The eruption of the first big financial scandal in his presidency will hinder Mr Sarkozy’s attempts to shed his image as a chum of billionaires and big business.
The opposition and his other critics routinely attack him for what they perceive as his unhealthy closeness to France’s richest tycoons.
He is potentially vulnerable because he was Interior Minister when, it emerged yesterday, the Government was told that Airbus was in trouble and it should sell some of its 15 percent holding before the share price fell.
Profits of about €90 million were made in 1,200 trades with inside knowledge, according to the AMF, which has handed its report to prosecutors.
The share price plummeted 17 per cent in a day in June last year after Airbus revealed the extent of losses because of poor management of its programme for the A380 giant airliner.
Thierry Breton, the Finance Minister at the time, said yesterday that the state had not sold shares, but neither had it objected to the sale of shares by Mr Lagardère and other insiders.
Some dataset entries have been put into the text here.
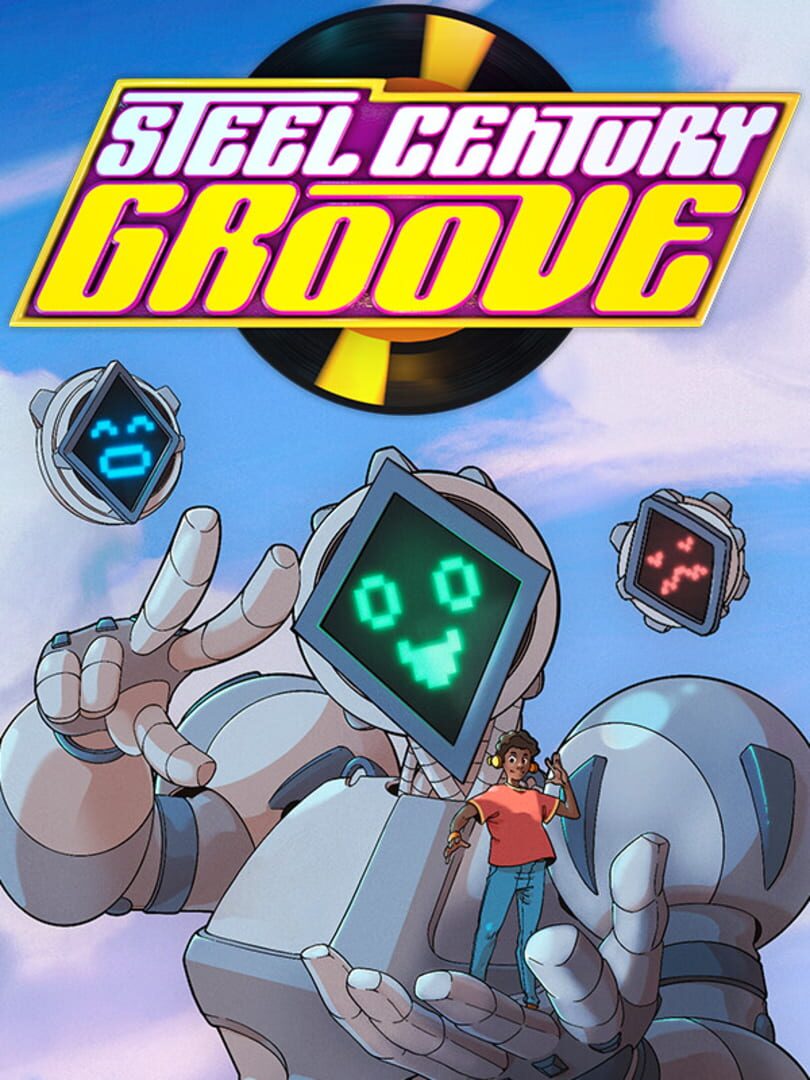 Steel Century Groove (2026)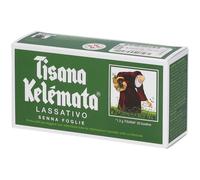 KELEMATA Srl TISANA KELEMATA 20 BUSTINE 1,3 GRAMMI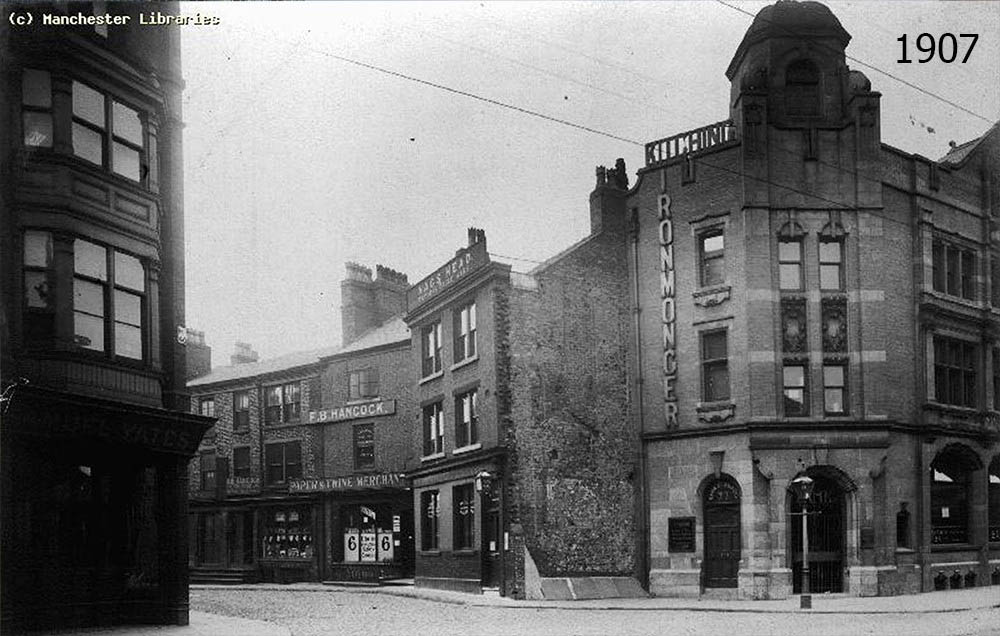 Ironmongers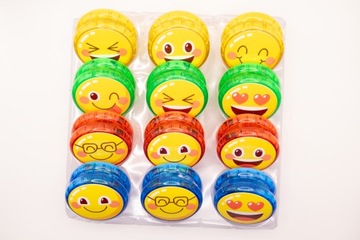 JOJO LED СВЕТЯЩИЕСЯ УЛЫБКИ АРКАДНАЯ ИГРА ЭМОЦИИ ДЕНЬ ДЕТИ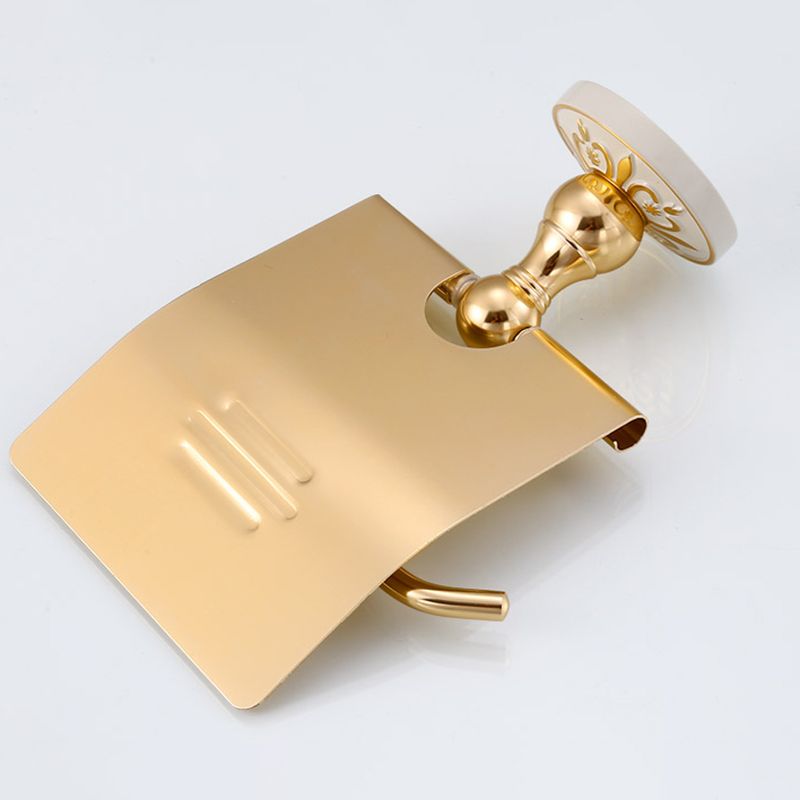 Lisslune | Traditional Metal Bathroom Accessories As Individual Piece Or As Set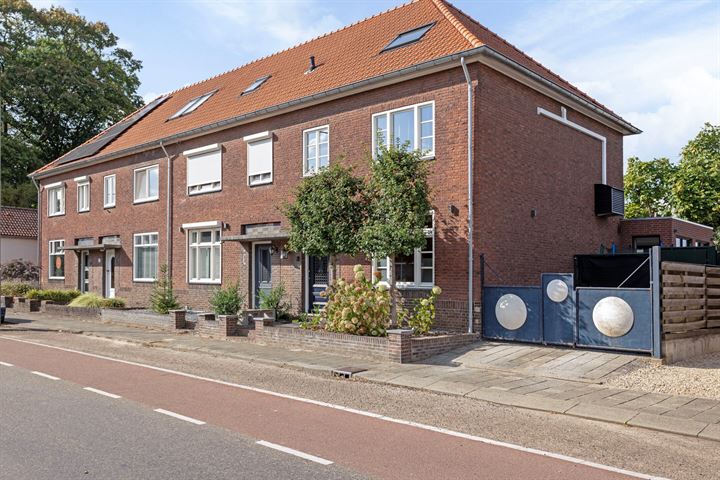 Bekijk foto 4 van Bosstraat 21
Noël Forgeard, the chief of Airbus at the time, and his children exercised stock options in the company at a profit of ¤2.5 million in March 2006, according to AMF records.
The recent disclosure of this transaction caused public outrage and bolstered Mr Sarkozy’s plans for curbing stock options. Measures are to be announced this week.
All involved deny wrongdoing and Lagardère said that it would sue those who leaked the preliminary report — subsequently confirmed by officials — which was first published by Le Figaro newspaper.
The affair threatens new turbulence for Airbus just as it is pulling out of a 15-month slump. It is about to hand over to Singapore Airlines the first A380 airliner.
The big shareholders and executives who cashed in before the slump were fully aware of delays in the A380 months before they were made public, investigators allege.
They also report suspicions over the “odd” method used by the Lagardère company and DaimlerChrysler, the two biggest shareholders, to reduce their holdings by delaying the transaction until this year, but with a value fixed at the pre-slump level.
Trade unions said they were “sickened and disgusted” by what appeared to be an operation by top management and shareholders to feather their nests before reporting bad news that would result in thousands of redundancies.
“This is not a trifling affair. We’re talking about tens of millions of euros of profit in a sector that is strategic for France and Europe,” Jean-Christophe Le Duigou, the national secretary of the CGT trade union, said.
The AMF report is in the hands of the prosecutor and judges who opened their investigation in November.